Specifies which modules (typically found in the provided subdirectory, but also potentially submitted by students) are to be included at the next loadcode. This can be used for a variety of purposes, such as rewriting functions available for students, providing a required teachpack (or an equivalent, more testable alternate to a required teachpack), or providing equality testing functions.

(equal equal-fn)

Specifies a function that compares the result of running the student code and the expected value for equality. It must take two arbitrary values and produce a boolean. Care should be taken to ensure that, no matter what type of value is produced by the student code, this function never raises an exception. Note that this function will be evaluated in the context of the student evaluator.
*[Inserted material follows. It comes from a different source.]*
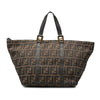 Fendi Zucca Canvas Tote Secondhand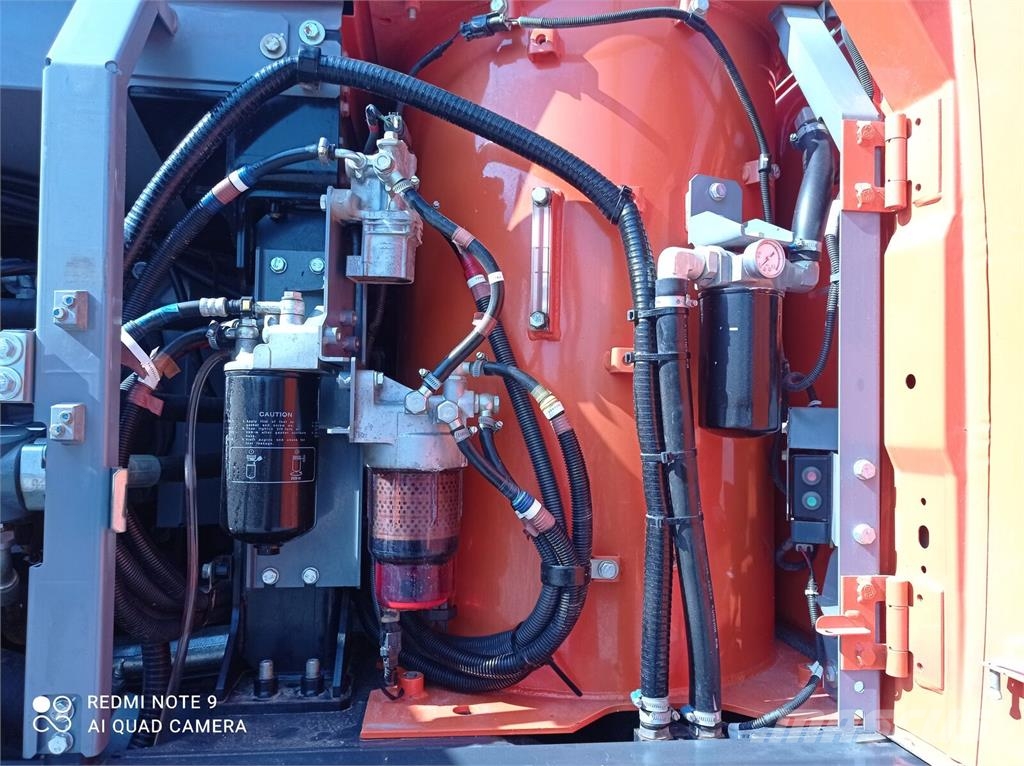 Hitachi ZX300 LC-6 Z SYSTEMEM 3D LEICA /Tylko Sprzedaż Bageri guseničari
The default is equal?.

(expected expr1 ... exprN)

Specifies a series of expressions (typically only one) which will be evaluated and then compared to the result to determine if the test passed or failed. Note that if this is not specified, then the testing will assume that standard output is to be compared to the standard output of the model solution, using the command specified by the diff option.

(result expr)

Specifies a single S-expression, which will be evaluated in the student evaluator context to determine what the student code produced as the result of a test.

Note that all options above are read into BitterSuite in a module language context. Because of this, care should be taken with numbers; you generally need to be sure you are not accidentally supplying inexact numbers where you should not be. See SchemeRationalNumbers for details.

Relevant files

For backward compatibility with BitterSuite 2, and for consistency with the conventions in other languages, the files test.ss and test.scm are understood by the scheme language. They are completely equivalent to the options.ss and options.scm files, but typically would include information relevant to a particular test (desc, expected, and result).